Menurut Sugiarta, nama itu diambil karena lokasi gunung berdekatan dengan pulau Kawio sebelah barat di kepulauan Sangihe Talaud. Selain itu, di dalam gunung api bawah laut itu terdapat beberapa titik sumber panas bumi dan ribuan spesies unik yang bertahan hidup dengan memakan bakteri disekitar gunung api bawah laut.
Sugiarta mengatakan, penelitian itu itu dilakukan dengan menggunakan kapal Okeanos dari Amerika Serikat dan kapal Baruna Jaya IV dari Indonesia pada kedalaman 6000 meter. Penelitian ini baru pertama kali dilakukan dan merupakan satu-satunya riset di dunia yang menggunakan teknologi canggih dengan kolaborasi antara kapal Okeanos milik tim riset National Oceanic Athmospheric Administration (NOAA) Amerika dan kapal Baruna Jaya 1V milik Badan Riset Kelautan dan Perikanan (BRKP) Indonesia.
Keberadaan gunung api bawah laut serta sumber panas bumi dan biota lainnya terekem dengan jelas oleh robot yang terpasang kamera berresolusi tinggi. Robot tersebut oleh ilmuan dari Indonesia dan Amerika disebut Remotely Operated Vehicle (ROV).
Saat robot mengambil gambar aktivitas gunung berapi itu, visualnya dapat dilihat oleh semua peneliti berada di Jakarta atau di Amerika. Sebab, tampilan gambar hidup dan data-data yang ada dibawah laut melalui robot kecil itu terkirim secara langsung melalui satelit. ”Lalu satelit mengirimkan video dan suaranya ke Expedition Command Centre yang ada didua lokasi, yakni di Jakarta dan Seattle, Amerika,” kata Jeremy Potter, ilmuan dari NOAA.
Hal itulah yang menurutnya menjadikan riset ini sebagai riset tercanggih. Karena peneliti tidak harus berada di atas kapal, tapi bisa di darat dengan memanfaatkan teknologi. ”Yang ada dalam kapal hanya beberapa orang saja, sedang isi kapal adalah alat-alat canggih,” terang Jeremy.
Penelitian yang melibatkan 20 ilmuan dari indonesia dan 8 ilmuan dari Amerika itu, memulai ekspedisinya pada tanggal 24 Juni 2010 dan direncanakan berakhir tanggal 14 Agustus mendatang.
Webb Pinner, juga dari dari NOAA, mengatakan, riset laut dalam ini adalah pertama kali dilakukan oleh kapal Okeanos dan bekerja sama dengan pemerintah Indonesia.

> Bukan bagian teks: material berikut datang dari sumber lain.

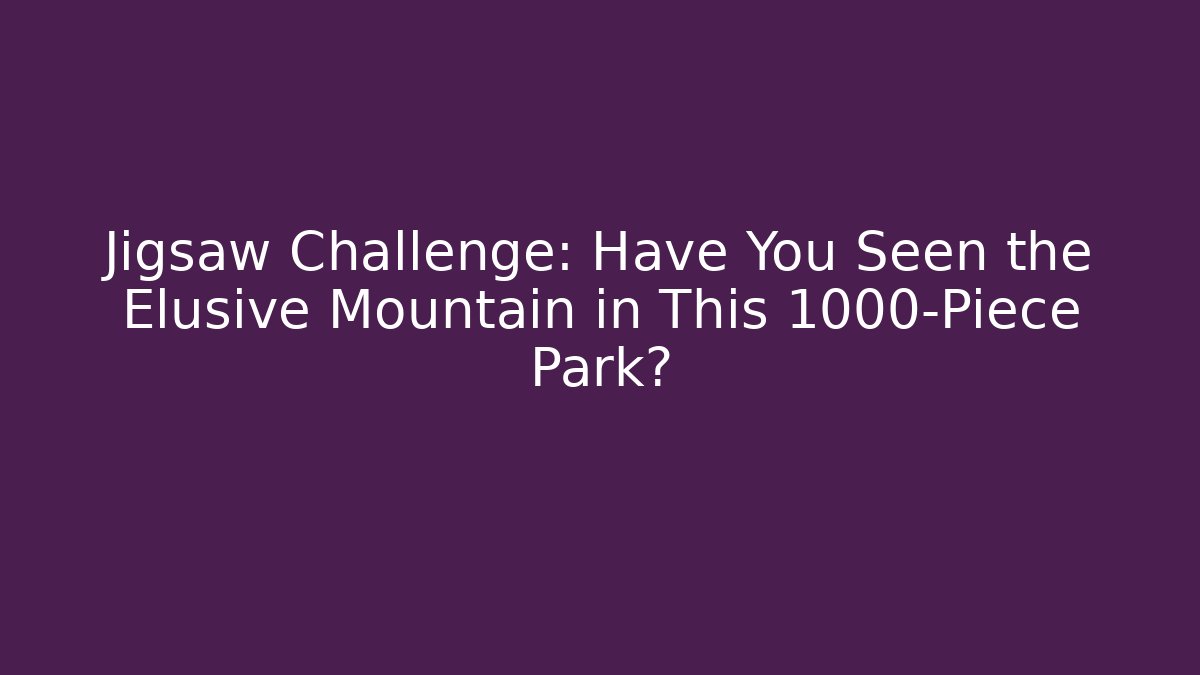 Jigsaw Challenge: Have You Seen the Elusive Mountain in This 1000-Piece Park?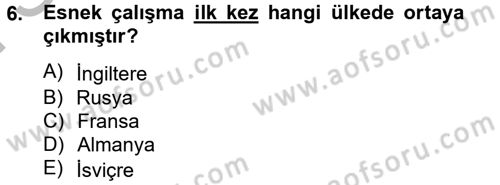 Çalışma Psikolojisi Dersi 2012 - 2013 Yılı (Final) Dönem Sonu Sınav Soruları 6. Soru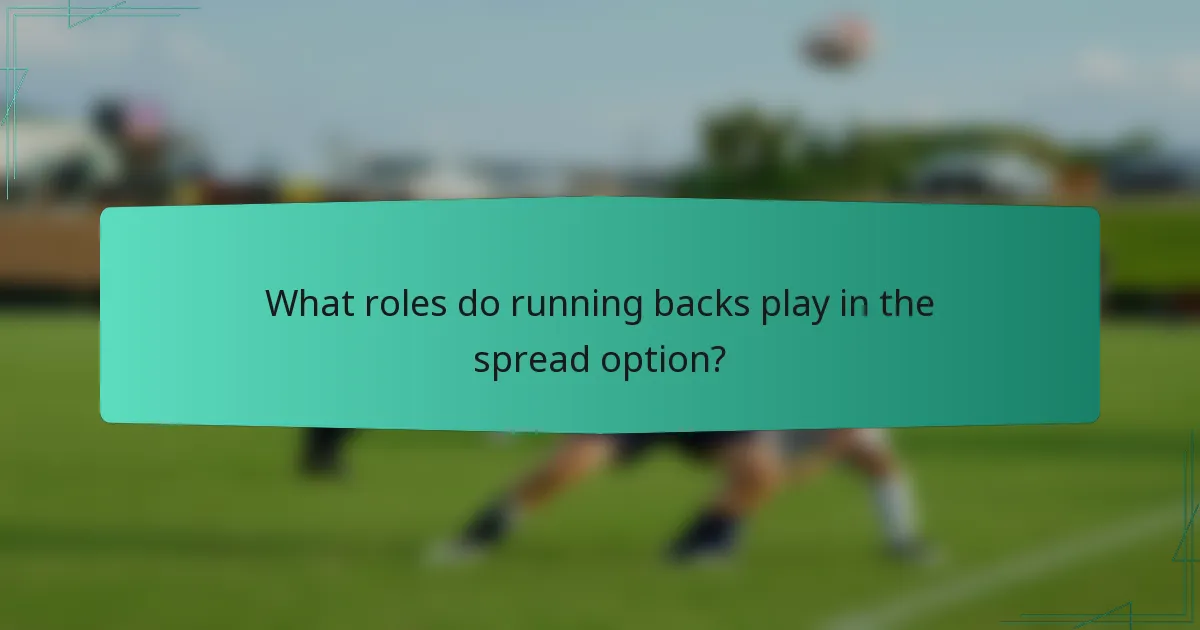What roles do running backs play in the spread option?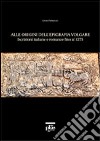 Alle origini dell'epigrafia volgare. Iscrizioni italiane e romanze fino al 1275 libro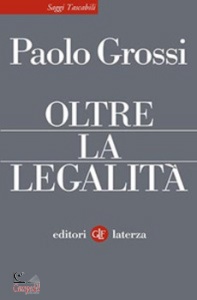 GROSSI PAOLO, Oltre la legalita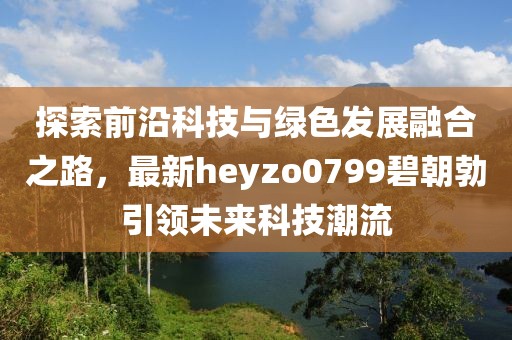 探索前沿科技與綠色發(fā)展融合之路，最新heyzo0799碧朝勃引領(lǐng)未來科技潮流
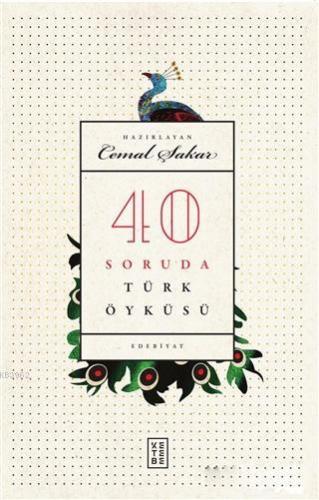 40 Soruda Türk Öyküsü (Ciltli) | Cemal Şakar | Ketebe Yayınları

Kegiatan tersebut, kata dia, merupakan bagian kerjasama kemitraan jangka panjang antara Indonesia dan Amerika untuk memajukan ilmiah kelautan, teknologi dan pendidikan.
Namun dari hasil riset itu, ilmuan dari Indonesia maupun Amerika belum mengidentifikasi, apakah ekosistem bawah laut tersebut merupakan temuan baru atau sudah ditemukan ditempat lain.
”Kami baru fase identifikasi dan belum bisa mengatakan bahwa temuan ini hanya ada di kepulauan Sangihe Talaud,” tambah Noorsalam Nganro, peneliti dari Institut Teknologi Bandung.